Iconic pub in Tryon closes doorsPublished 5:46pm Monday, June 4, 2012
Pam Johnson drew her last beer from the taps at Elmo’s Pub & Grill in Tryon Sunday, June 3 as droves of patrons marked the closure of a Trade Street staple.
“It’s sad for me because this place means so many things to so many people,” Johnson said Friday, June 1 after making the initial announcement that the pub would close. “But running a small business, it’s just hard anymore. I’m rather overwhelmed by all the messages and phone calls we’ve gotten. I knew Elmo’s was loved but I could never have realized how much.”
The band Speedwell played into the evening Sunday as a send off to staff and those who have patronized the bar over the years.

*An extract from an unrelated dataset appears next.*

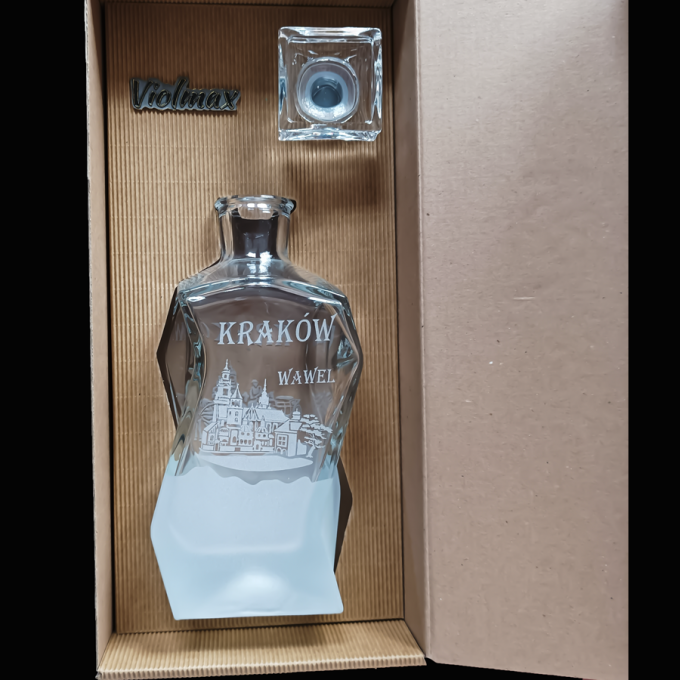 krakow_karafka_lamana_750_ml_wawel_dorozka_szron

Founded in 1934, Elmo’s Pub & Grill was originally established as “Pop’s Beer Garden” by Pop Burnette.
Whitey Baron named it Whitey’s when he purchased it from Burnette. Then he sold the bar to Sam Summey in the 60s, at which time it became Sam’s Place and actually sat in the storefront next door to Elmo’s current location.

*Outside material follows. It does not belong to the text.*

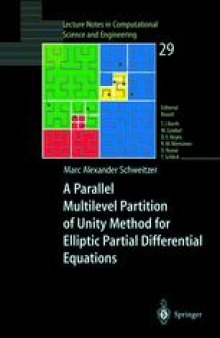 A Parallel Multilevel Partition of Unity Method for Elliptic Partial Differential Equations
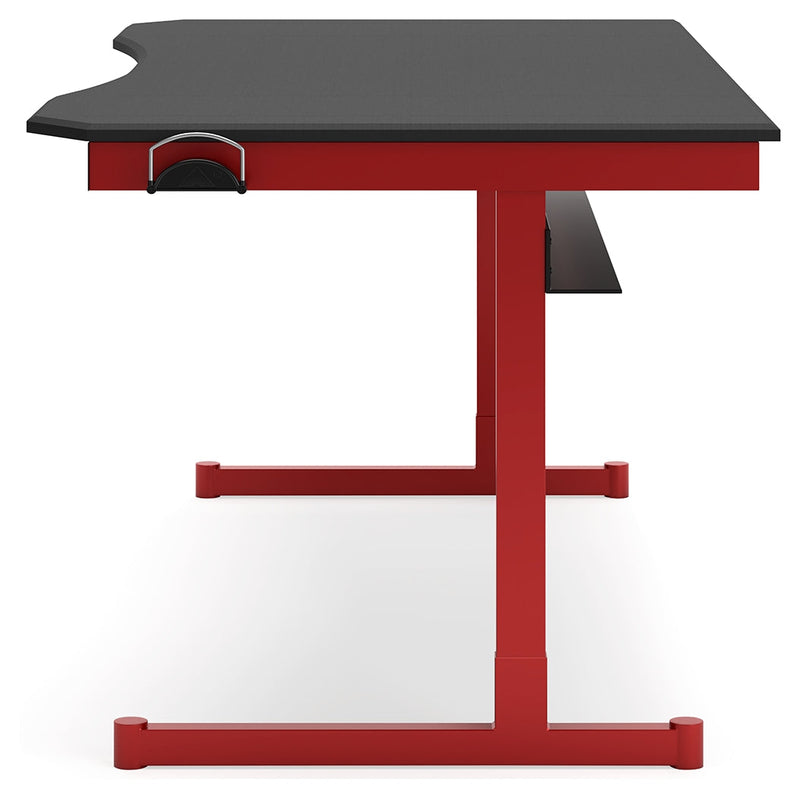 Lynxtyn Red Black Home Office Desk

Summer sold the place in the 1970s to Horace “Doc” Smith but remained a regular.
“I owned it for 12 years at its location next door – there’s no doubt it will be missed. We’re here every day,” Summey said.
The “we’re” Summey referred to includes himself and the four or five other guys he meets every day at 4 p.m. for a beer – or two. Rat Bradley is one of those guys.
“This is my office in the afternoons,” Bradley said. “We meet every day to shoot the breeze and find out what’s going on in town.”
These guys aren’t the only ones who have made a stop by Elmo’s a part of their daily or weekly routine for many years.
“This place closing is going to have a big effect on a lot of people,” said regular Patricia Gossenreiter. “People have shared a lot of laughter, a lot of tears – we’ve shared our lives in here.”
These people stopped in after Doc Smith died and the bar came to be owned by Curt Barnette. They pulled up bar stools when Tim Ballew and Phillip “Fat Packy” Pack bought the place – keeping the name Doc’s before selling it to Preston Kirby in 1985.
Their loyalty remained when the pub moved next door to its current location and became “Preston’s of Tryon.”
Pam and her husband, Elliot, purchased the bar in 2004 from Tommy Southard. Pam had managed the bar for Southard for almost a decade. Later that year, Elliot was killed in an accident and the name of the bar changed to Elmo’s in his honor.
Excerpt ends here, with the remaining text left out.